Scientometric indicators have been developed to estimate objectively a scholar's contribution to science. Based on these indicators, academic society decides whether you would be awarded a grant, a scholarship or a title, whether you would be admitted to participation in a scientific competition or an international project. From the message below you will learn how to calculate and analyze one of the most significant indicators, the h-index.
Logically, the more articles a scientist writes, the higher any indicator would be. However, that's not quite true. The cornerstone of the h-index is not only the evaluation of the quantity of a scholar’s articles, but also of their quality.

Who developed the h-index?

In 2005, Jorge Hirsch, an Argentine-American professor, suggested a new method to quantify a scientist's academic contribution. This method takes into account both the number of articles published by a particular scientist and the number of their citations.

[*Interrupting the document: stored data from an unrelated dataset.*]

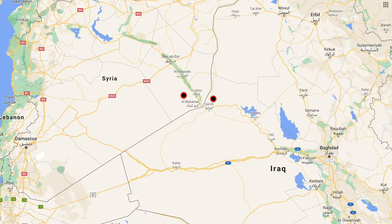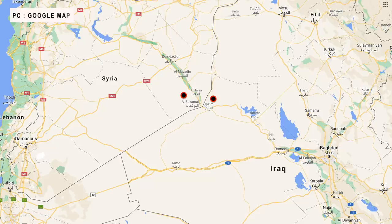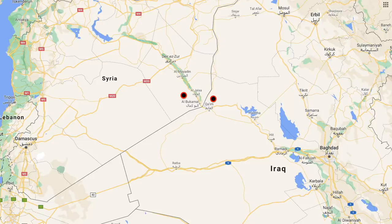The reason for the strikes was the growing arsenal of drones which have been used to launch attacks on bases in Iraq that host American personnel in recent months. All three of the sites struck by American warplanes were in the vicinity of the town of al-Bukamal in Syria and al-Qaim immediately opposite it on the Iraqi side of the border. In this video, Defense Updates analyzes how the U.S. has hit back at Iran.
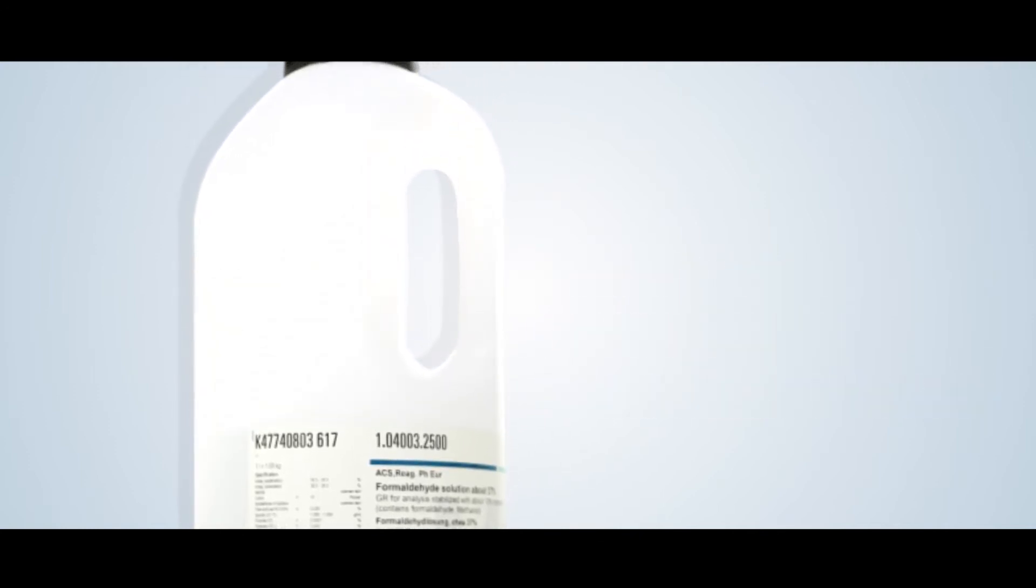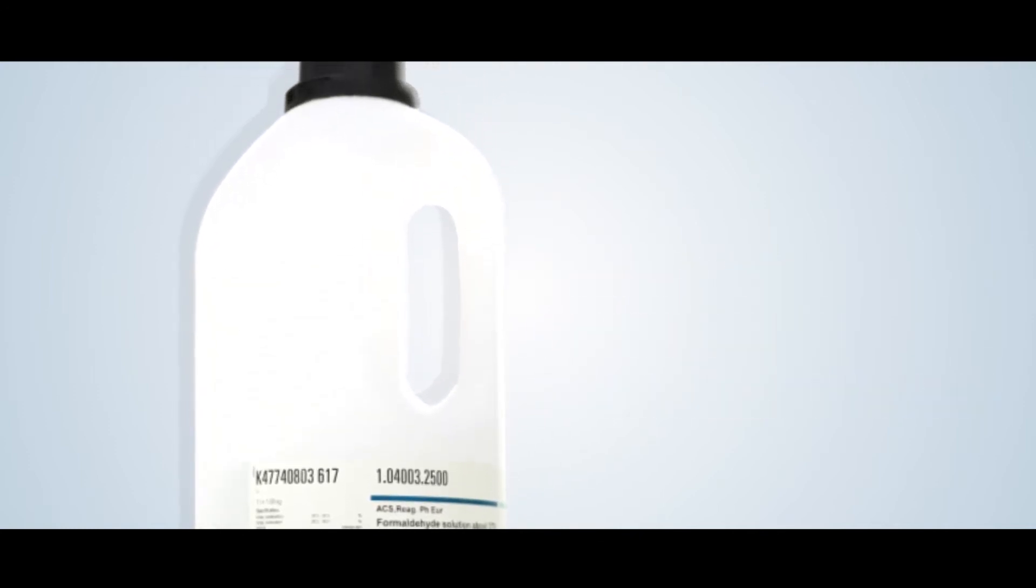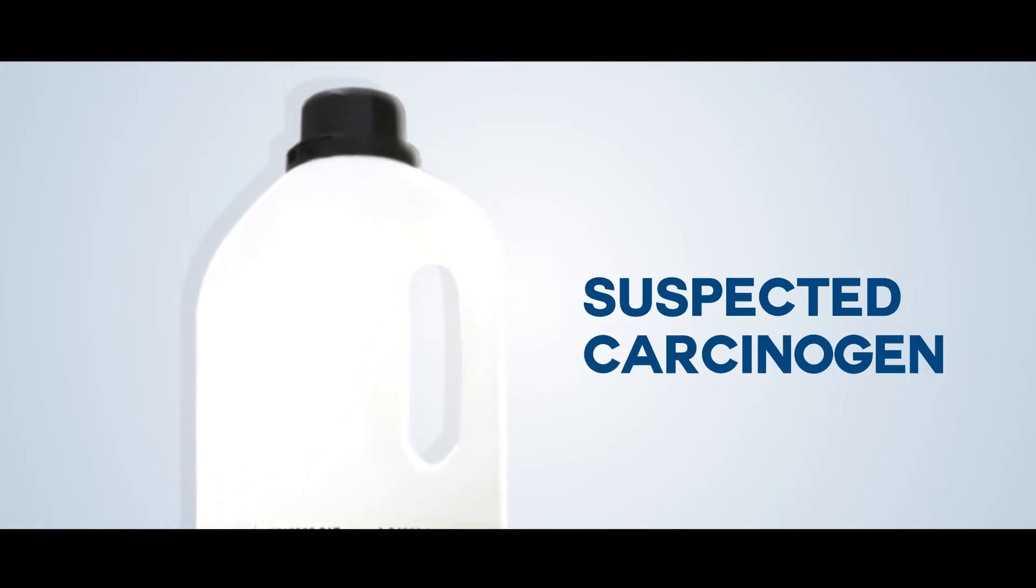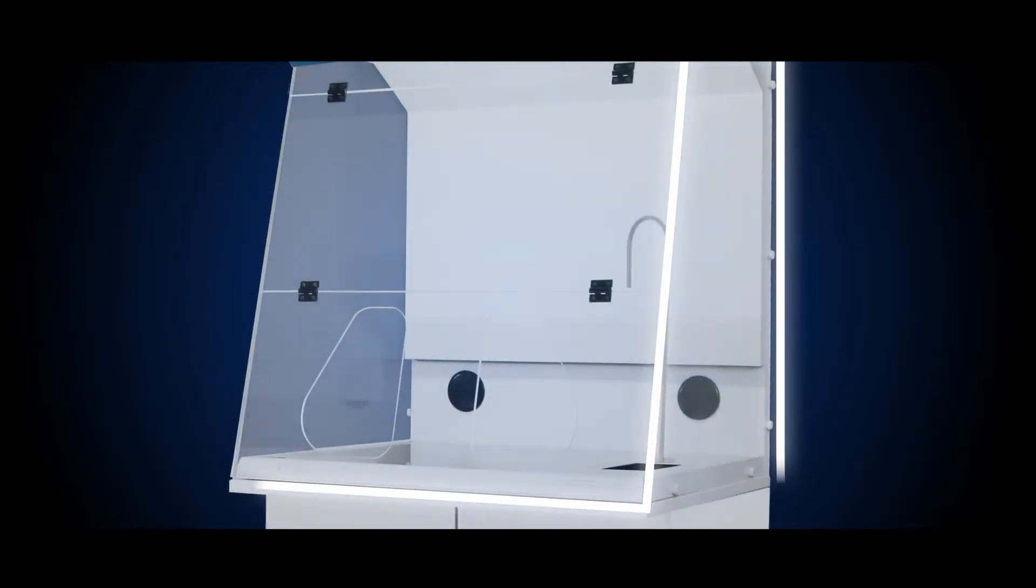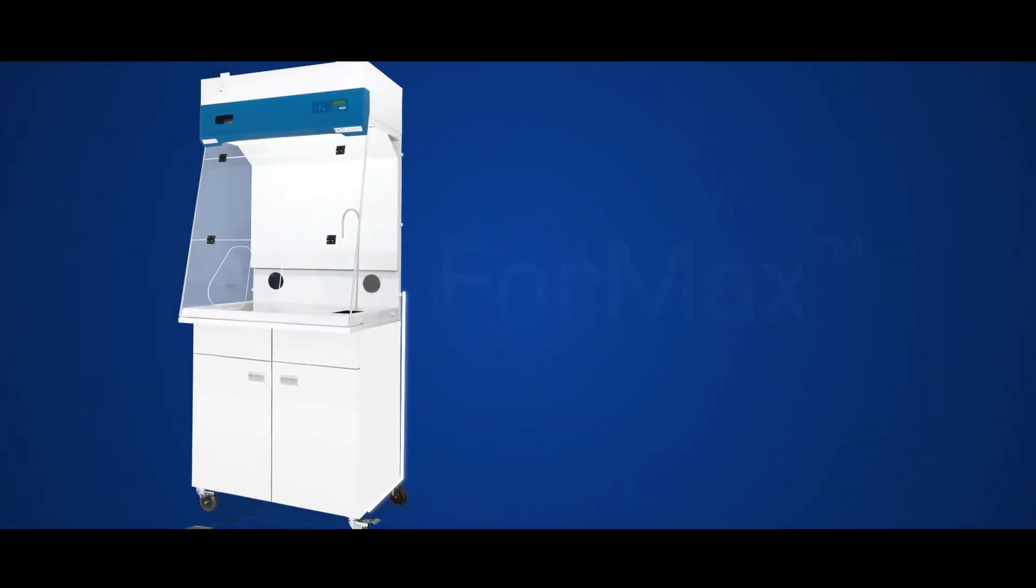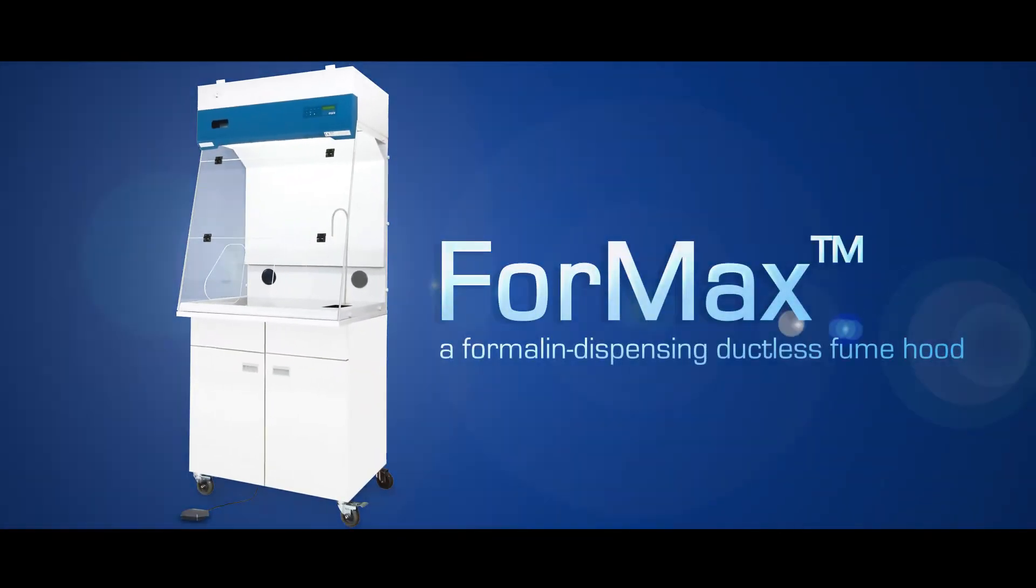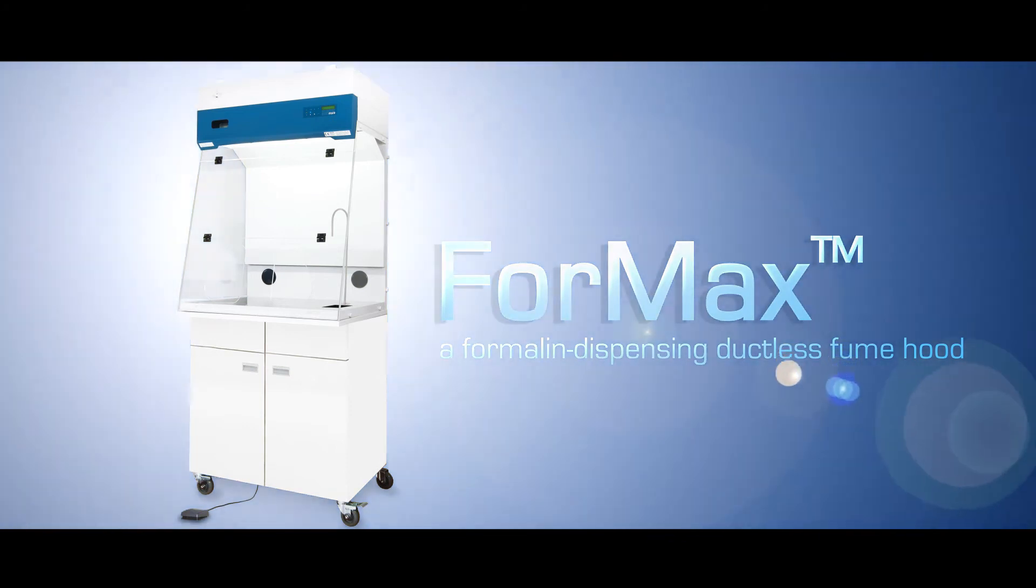It is corrosive to the skin and eyes and is a suspected carcinogen. Laboratory applications involving this noxious chemical can now be accomplished safely and economically with the new Esco Acin Opti-Formax, a formalin-dispensing ductless fume hood built to protect users from the formalin vapors.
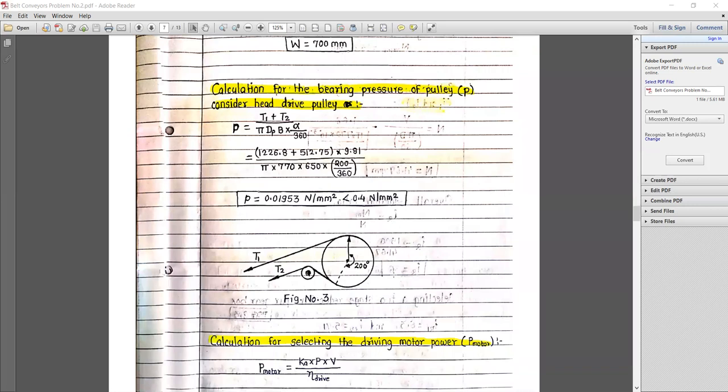Next, calculation for bearing pressure of the pulley, considering the head pulley as a driving pulley as shown in figure number three. The bearing pressure depends upon the maximum total tension — maximum and minimum tension in the belt. Bearing pressure p = (T1 + T2) / (π × dp × b × α/360°). The induced bearing pressure is 0.01953 N/mm², and the maximum allowable bearing pressure is 0.4 N/mm², so the pulley is safe against bearing failure.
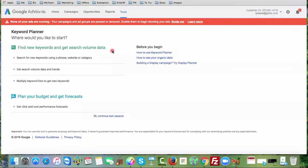Hey guys, this is Trent, founder and president of WatchmanAdvisors.com. Today I'm going to be teaching you how to use the Google Keyword Planner to help you select or identify niche keywords.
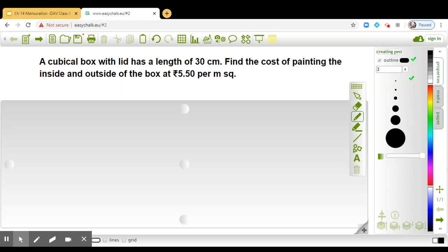So that means we have to paint 12 faces, and it is given that the length of a cube is 30 centimeters.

How to calculate the h-index?

H-index is a number that shows that at least h papers have been cited at least h times. Here is an example:
A young scientist P. has published 5 articles. The first one was cited 10 times, the second one- 6 times, the third and the fourth - 3 times each, and the fifth one was cited once.
The article number The number of citation
1 10
2 6
3 3
4 3
5 1

The h-index in this case will be 3 because at least 3 papers have been cited at least 3 times. If someone cites the third and fourth articles at least one more time each, the h-index of the scientist P. will be equal to 4 because then 4 articles will be mentioned 4 times.The number of articles in this case matters because it limits the maximum value of the h-index (for the scientist P. it is 5). Even if a scientist writes a single article that will be cited 1000 times, his h-index will still be equal to 1. On the other hand, a professor after 50 years of career can have had several hundred articles published with one or two citations per paper. Thus, he may have the h-index at the same level as a young researcher.
The ranges of h-index values for various categories of scientists are as follows:
  • a world-famous scientist - 16 and more;
  • a member of the dissertation board - 11-15;
  • a PhD - 3-10;
  • a master, a young researcher - 0-2.
The contribution of a group of scientists, a university or even of a country could be evaluated according to the same method.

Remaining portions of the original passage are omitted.